GOAL OF THE EXERCISE: Copy out every line of the data exactly; do not include the images.

MATERIAL PROVIDED:
Segment Open

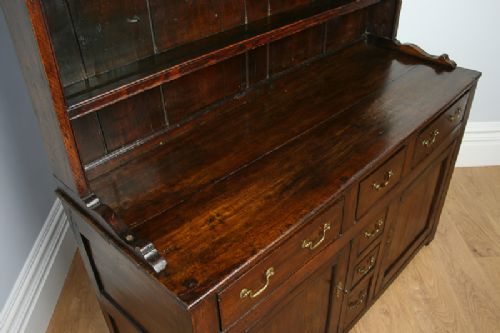 fig 4. Welsh Provincial George III Oak Dresser Base & Rack (Circa 1780 - 1820)
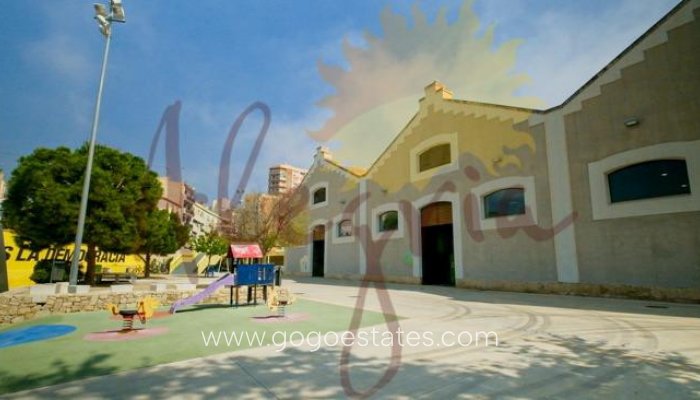 Te koop - Appartement - Appartement op de middelste verdieping - Alicante - Alicante Centro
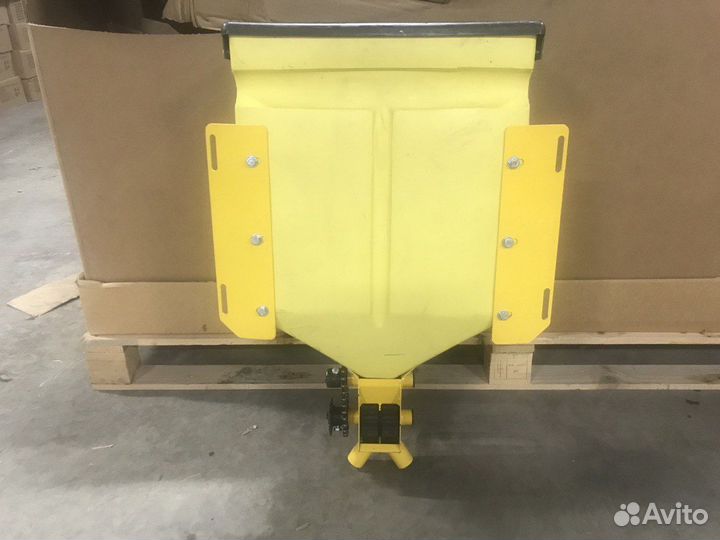 Дозатор для внесения удобрений на картофелесажалку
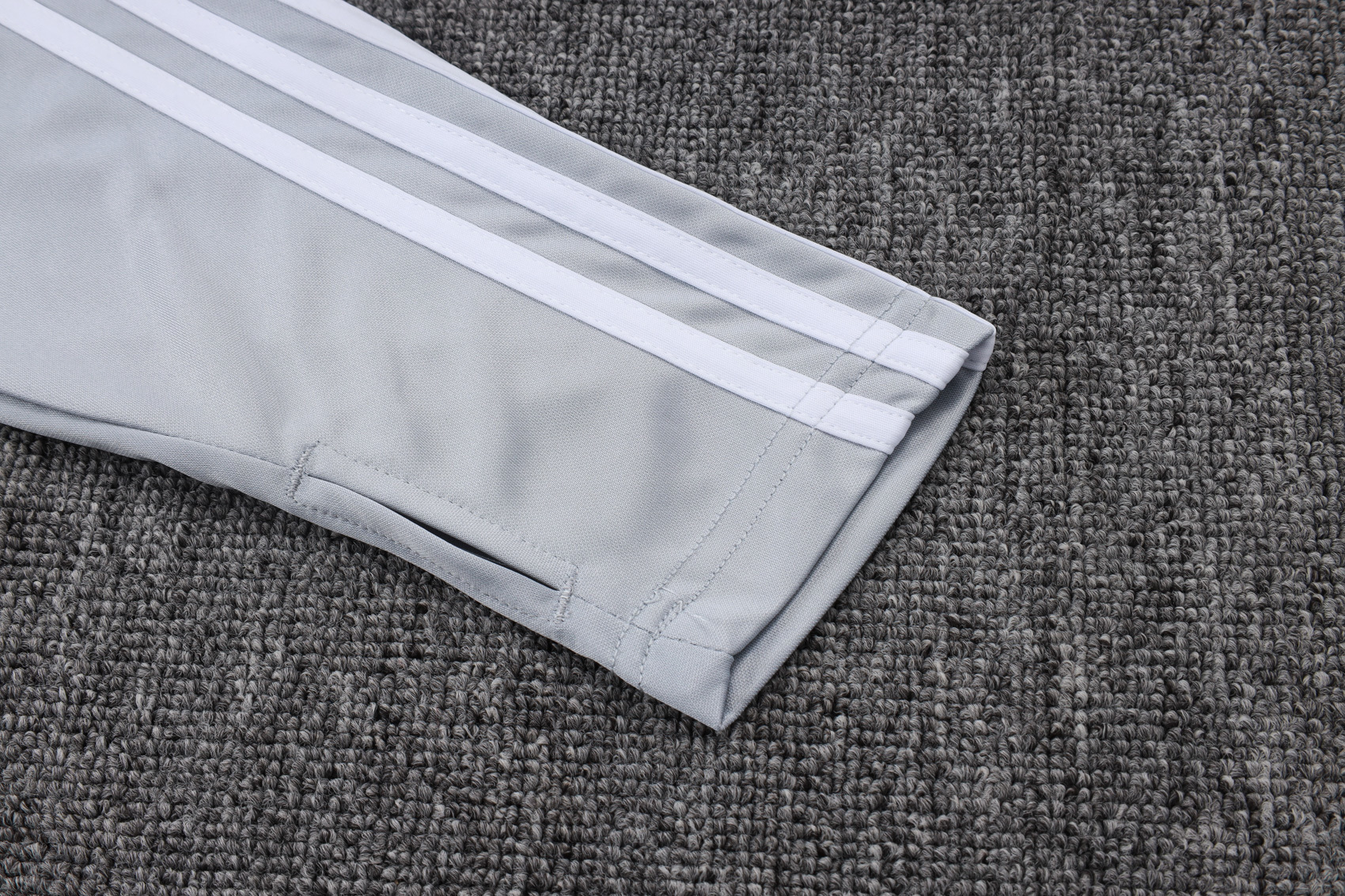 Adult / Kids 2526 Real Madrid Half Zipper Training Suit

Segment Closed

ANSWER TO THE PROBLEM:
 fig 4. Welsh Provincial George III Oak Dresser Base & Rack (Circa 1780 - 1820)
 Te koop - Appartement - Appartement op de middelste verdieping - Alicante - Alicante Centro
 Дозатор для внесения удобрений на картофелесажалку
 Adult / Kids 2526 Real Madrid Half Zipper Training Suit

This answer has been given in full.